Su cuenta de resultados en este aspecto es tan excelente que los 5,5 millones de votantes le han dado un respaldo casi unánime, tanto que apenas dos escaños sobre 60 del Parlamento se le han resistido, componiendo un hemiciclo legislativo digno de las dictaduras más veteranas.
Poder absoluto
Nuevas Ideas, su partido, ha convertido a El Salvador en un país casi de partido único, donde el presidente ha devenido en acaparador de un poder absoluto. Bukele, a través de las entrevistas preelectorales y de las primeras proclamas para anunciar su aplastante victoria, ha venido a reconocer que para él está ya superada la democracia que ha conocido hasta ahora el país desde que concluyera la sangrienta guerra civil. Que proseguirá con su política de resultados “porque es lo que el pueblo quiere”, y se apoya en un apabullante respaldo, cercano al 90% de los votos. E incluso, a los que quieren observar propensión y similitudes con una posible deriva parecida a la del chavismo-madurismo venezolano, Bukele se ha apresurado a esbozar un programa, según el cual la principal prioridad, una vez conseguida la seguridad de los ciudadanos, será la de impulsar su prosperidad, al no estar ésta lastrada por el hostigamiento y la extorsión permanente de las maras y el crimen organizado.
La popularidad de Bukele ha traspasado no sólo las fronteras del país centroamericano al que rige, sino que se mira con atención en toda América Latina y ahora también en Europa y Asia. Su homólogo ecuatoriano, Daniel Noboa, no tiene empacho alguno en reconocer que va a imitar el modelo de Bukele, aduciendo además que, al igual que en El Salvador, el pueblo ecuatoriano está harto de la espiral de violencia e inseguridad que ha multiplicado los atracos, secuestros y asesinatos, y consecuentemente una emigración masiva.
Es, pues, un modelo de democracia resultadista, a la que Daniel Innenarity define como la “legitimidad del resultado”. Bukele, por cuyas venas corre sangre palestina, ya que sus ancestros emigraron con el estallido de la I Guerra Mundial, ha retorcido la interpretación de la Constitución, en la que varios artículos prohíben expresamente la reelección. Pero, no hay nada que unos magistrados afines no puedan reinterpretar a su gusto, y ahora Bukele sabe que no habrá una sola voz en la denominada comunidad internacional que se atreva a cuestionar la legitimidad de su poder.

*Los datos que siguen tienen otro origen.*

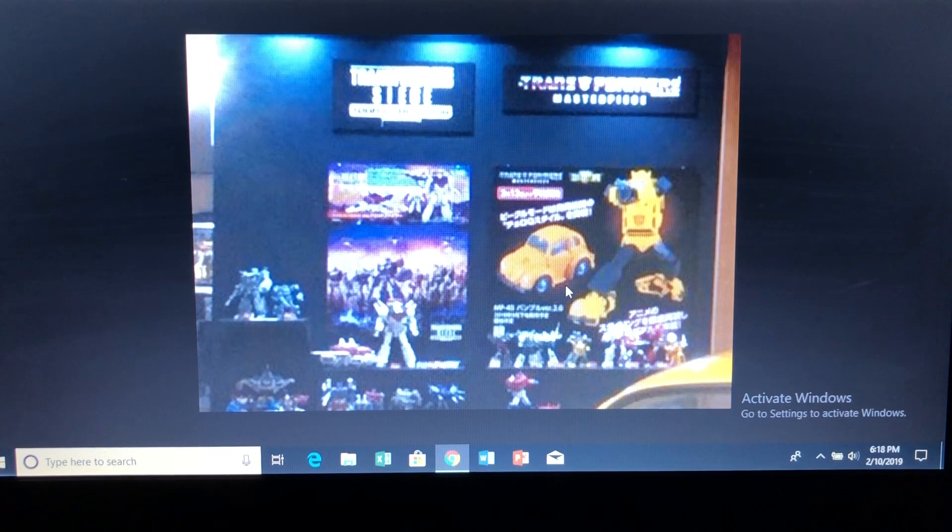Takara Tomy and Hasbro are banking on hardcore collectors that want both cartoon and toy-accurate versions. I'm loving this one, really.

El pueblo salvadoreño está conforme con la pérdida de libertades ciudadanas a cambio de su seguridad. Ahora, por ejemplo, la policía puede detener a cualquier ciudadano por una simple sospecha. Es evidentemente el principal peligro que acecha. La historia está llena de ejemplos que demuestran la máxima de que el poder corrompe, y el mucho poder corrompe mucho. La tentación totalitaria estará latente en un presidente que ha mandado al desván a los dos grandes partidos que hasta ahora se habían repartido escaños y prebendas: el derechista Arena y el izquierdista FMLN, antaño protagonistas de la guerra (in)civil que ensangrentó el país. Bukele gozará de un nuevo mandato de cinco años, pero sería muy raro que no aspirara a eternizarse, autoconvencido de su gran misión.
De la misma manera que la dictadura castrista impregnó a todo el continente americano de su doctrina y convenció a los intelectuales europeos con sus ensueños, Bukele podría protagonizar un experimento político y social de signo distinto. Sin embargo, en ambos casos hay un denominador común: la pérdida de libertad, aunque en el de El Salvador sea de manera voluntaria y mayoritariamente aceptada por el pueblo. Nace, pues, un capítulo práctico más de un debate que lleva camino de prolongarse mucho tiempo, el de la conjugación de dos términos -libertad y seguridad- que, salvo en las democracias más consolidadas, siempre termina cayendo del mismo lado.